We went out to Old Navy the other day, and my son and I were cracking up at how HUGE the mountains of snow were.  We're talking the size of a 2-story appartment building.

I really am not even sure how they got the piles so friggin big.  I didn't think front-end loaders could reach up that high.
2014-02-17 10:46:06 AM
1 votes:
Why would you pile the snow in the spaces closest to the doors?  Because you're a farking moron (or underpaid).
2014-02-17 10:45:00 AM
1 votes:

kitsuneymg: Oh this thread again?

I seem to remember last time it happened someone posted a dozen or so pictures of handicap spots with snow piles In them from up north.

Plenty of stuff to make fun of down here and you pick a non issue? Wow.


What's nice is we can shiat on all of it.
2014-02-17 10:43:38 AM
1 votes:
Oh this thread again?

I seem to remember last time it happened someone posted a dozen or so pictures of handicap spots with snow piles In them from up north.

Plenty of stuff to make fun of down here and you pick a non issue? Wow.
2014-02-17 10:42:17 AM
1 votes:
What I don't understand is that a business probably doesn't want mounds of snow right in front of their store.

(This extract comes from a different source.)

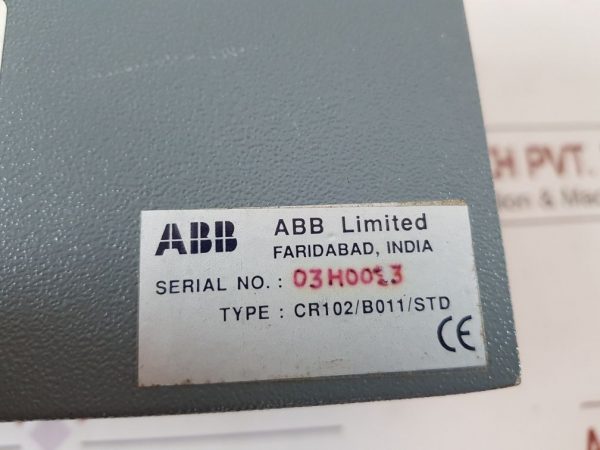 ABB COMMANDER CR100 STRIP-CHART RECORDER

This looks to be more like the businesses didn't want to pay that much to plow and the snow plow drivers being annoyed
2014-02-17 10:40:05 AM
1 votes:
They just need an ADA troll to try and park and then nail them with half a dozen lawsuits for $1K statutory damages each. They'll stop doing it.
2014-02-17 10:39:57 AM
1 votes:

TheNewJesus: Southerners apparently need someone to take care of them, constantly.


Seems so.
2014-02-17 10:38:24 AM
1 votes:
Are the handicapped people making handicapped faces?
2014-02-17 10:38:02 AM
1 votes:
Cotham believes the snow piles weren't purposefully pushed into handicapped spots, but she was still surprised that the incident wasn't isolated but instead widespread.

S
o, they just grew there ?
2014-02-17 10:35:43 AM
1 votes:
They're also the kind of people that look at handicapped parking spaces and think "Man, handicapped people have it good".
2014-02-17 10:28:18 AM
1 votes:
Why don't they just park in the fire lane?

Lucky LaRue: The problem with this story is that it was written yesterday.  At the time of its publication (this morning), all the snow in Charlotte has melted.


Snowpiles like that don't melt in one day.
2014-02-17 09:49:57 AM
1 votes:
The problem with this story is that it was written yesterday.  At the time of its publication (this morning), all the snow in Charlotte has melted.